David Cameron to fight prison voting plan
Wednesday 23 May 2012
David Cameron put the UK on collision course with Europe today as he signalled he will fight plans forcing the UK to give prisoners voting rights.
The Prime Minister insisted the decision was one for MPs, not a "foreign court", after human rights judges issued an ultimatum giving Britain six months to change the law.
He told MPs he backed their overwhelming vote last year that effectively opposed the European Court of Human Rights (ECHR) ruling.
At Prime Minister's Questions, he said: "I have always believed when you are sent to prison you lose certain rights and one of those rights is the right to vote.
"Crucially, I believe this should be a matter for Parliament to decide, not a foreign court.
"Parliament has made its decision and I completely agree with it."
It comes after Labour said it would back Mr Cameron if he chose to oppose the ruling.
Shadow chancellor Ed Balls said there was cross-party agreement about not giving the vote to prisoners and the ECHR ruling was the "wrong thing".
"This is one of those times in politics where there is cross-party consensus," he told ITV's Daybreak.
"The court first said this in 2004, that prisoners should be able to vote, and Labour then said we disagree and we did not implement it.
"I am all in favour of prisoners having the right kind of support and being rehabilitated but voting is one of the things I think you give up if you go to prison.
"So we all agree that this is the wrong thing."
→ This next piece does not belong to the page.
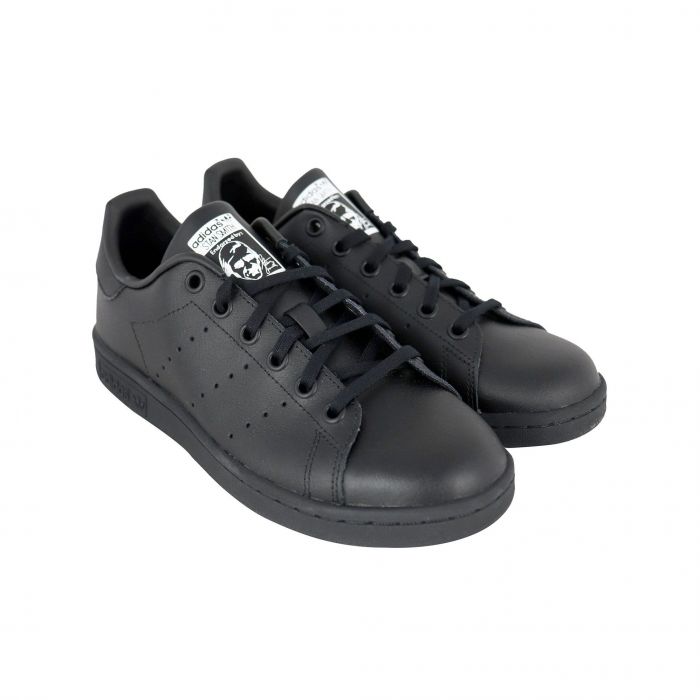 adidas stan smith j scarpe nere gs kids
He added: "If David Cameron is going to go out there and fight this one, we will be supporting him on that."
The ECHR acknowledged that it was up to national authorities to decide exactly who can vote from jail - but said denying the right to all inmates indiscriminately is illegal.
The ultimatum was issued as the Strasbourg court ruled in a separate case that depriving an Italian convicted murderer of voting rights did not breach his human rights.
But the judges emphasised that this was because in Italy, unlike the UK, there is no "general, automatic, indiscriminate" ban in place.
The ruling pointed out that in Italy the loss of voting rights applied only to prisoners guilty of certain types of offences and where a sentence of at least three years is imposed. For those affected, the right to vote can be restored three years after the sentence has been completed.
The judges effectively challenged the UK Government to agree within six months on what parameters to set for British prisoners, and to scrap the total ban.
Last year MPs voted by 234 to 22 in support of a non-binding motion tabled by senior Tory David Davis and Labour former justice secretary Jack Straw opposing plans to give inmates the vote.
Mr Davis criticised the ultimatum, saying: "This regrettable decision is an infringement of the UK Parliament's right to decide on matters which are fundamental to the British way of life, and which are not appropriate to judicial intervention.
"This will inevitably lead to a clash between the express wishes of the UK Parliament and the assertions of the European Court and will not help the court achieve its important functions in stopping breaches of fundamental rights throughout Europe."
The judges said that if the UK complies with the order to grant some prisoners voting rights within six months, the court will strike out all similar pending cases from UK prisoners - about 2,500.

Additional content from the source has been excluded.